ABSTRACT: The consequences of the "Drug War" on the criminal justice system in USA.

(The New York Times, Tuesday, December 26, 1989)

In denouncing those who favor "legalization" of drugs, William Bennett also ripped into "intellectuals", particularly "liberal intellectuals," for criticizing his law-enforcement approach to the so-called "war on drugs".

The opposition of these intellectuals, the Bush Administration's blustery drug czar wrote in the Washington Times, was "partly rooted in a general hostility to law enforcement and criminal justice."

What nonsense. No one is against law enforcement except criminals, and even Mr. Bennett does not yet accuse "intellectuals" of being criminals. In fact, few are doing more to cripple the criminal justice system than the drug czar himself, with a program focused narrowly on imprisoning drug users, producers, sellers, possessors - "kingpins" and street addicts alike.

Don't take my word for it. Listen to Mr. Fulwood chief of police in Washington, where Mr. Bennett promises a special effort: "Bennett's approach is absolutely wrong...Don't send me more [police] ... Make sure that we've got a treatment bed for every person that needs a treatment bed."

Chief Fulwood added in an interview with the Washington Post: "Let's start educating our kids at pre-kindergarten with a massive educational program about substance abuse."

Mr. Bennett is fixed instead on imprisoning people, an approach Chief Fulwood said was "missing the boat." He knows his police arrested 42,000 people in Washington in 1988 with little effect on the crime rate or the drug problem.

Or consider North Carolina, where in 1987 the General Assembly - to avoid Federal court sanctions - imposed a "cap" of 17,460 inmates in state prisons. When the cap is exceeded for 15 consecutive days inmates must be released to reduce the prison population.

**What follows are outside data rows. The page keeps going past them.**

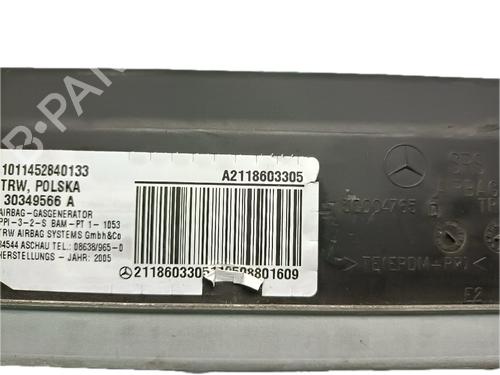 Passenger airbag MERCEDES-BENZ E-CLASS (W211) E 220 CDI | BP29799206C10 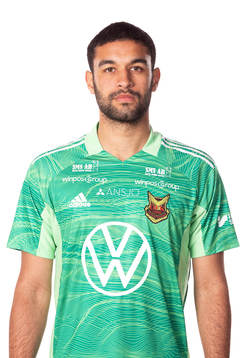 Östersunds målvakt Sixten Mohlin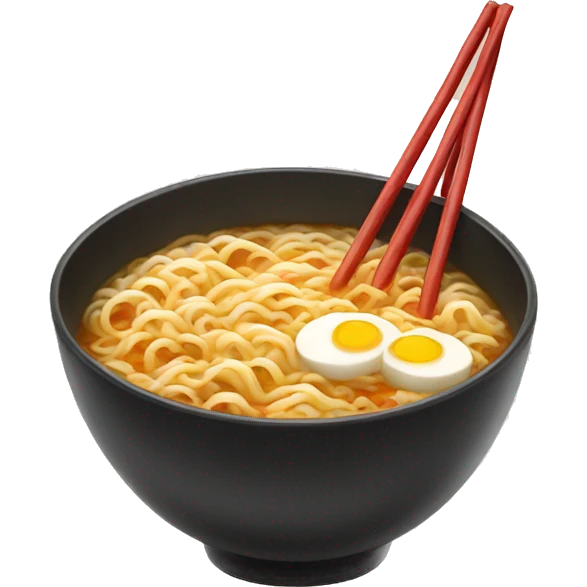 ramen emoji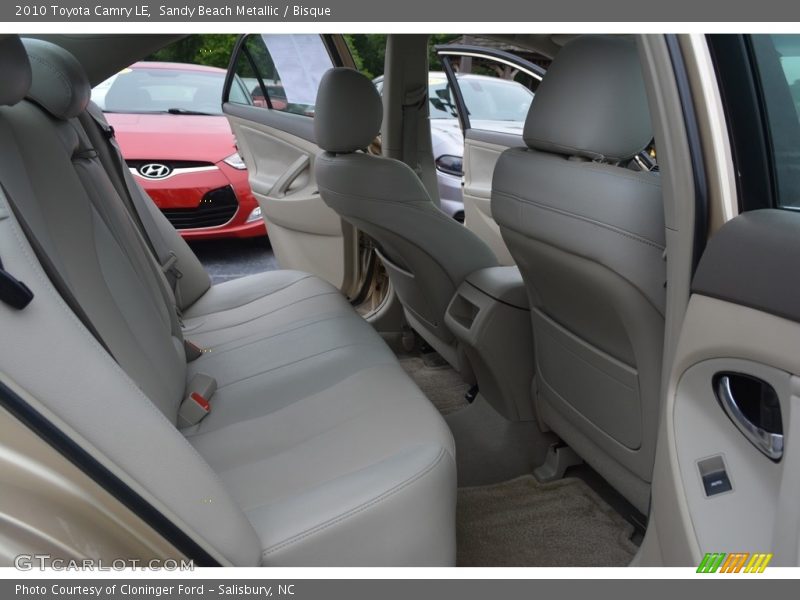 Sandy Beach Metallic / Bisque 2010 Toyota Camry LE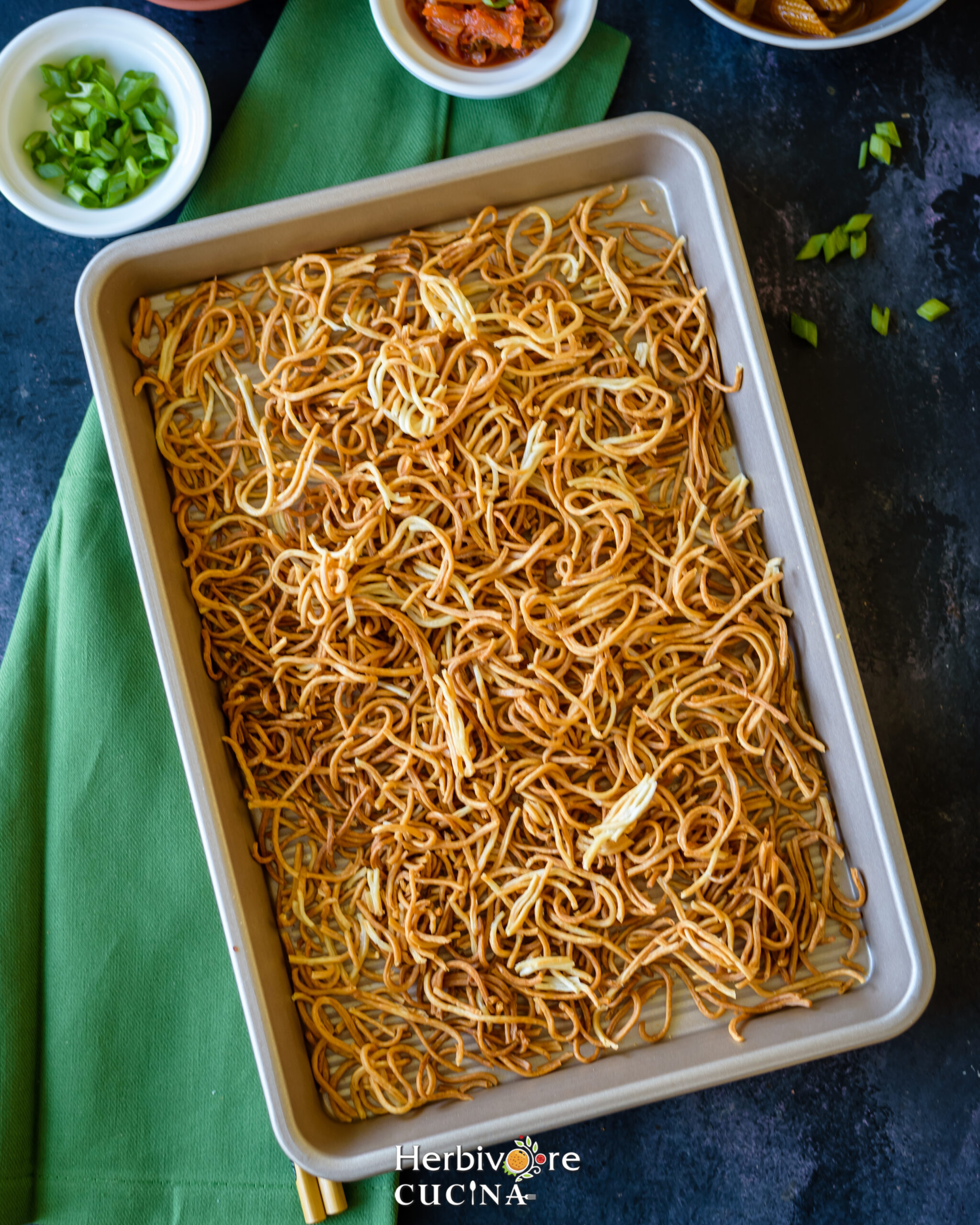 Air Fryer Noodles Herbivore Cucina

The cap coincided with the nation-wide rise in drug-related imprisonment. One result, as reported by the Charlotte Observer on Dec.11 :Through November, the North Carolina parole commission had released nearly 17,000 inmates as compared with only 7,983 in 1983. In 1988, moreover, 18.3 percent of those released violated parole, against only 9.9 percent in 1986.

Drug offenders are a major part of the problem - but are getting off lighter. Drug felons had served 43 percent of their sentences before parole in 1985; this year, drug felons are being released after serving an average of only 31 percent of their sentences.

IT IS BENNETT'S "DRUG WAR" THAT THREATENS THE CRIMINAL JUSTICE SYSTEM.

Build more prisons? North Carolina allotted $ 150 million for that purpose earlier this year; but The Observer reported that that will provide only the constitutionally required additional space for the current prison population.

Nor is this the only one state's problem. By the estimate of the National Council on Crime and Delinquency, the war on drugs will "overwhelm" the states' prison systems within five years, driving an average annual 13 percent growth rate in prison populations, resulting in an estimated additional 460,000 inmates - for a total of 1.13 million - by 1994. At an average annual operating cost of $ 25.000 per inmate per year, and a construction cost of $ 50,000 per cell, the states will need $ 35 billion for prisons in the next half-decade.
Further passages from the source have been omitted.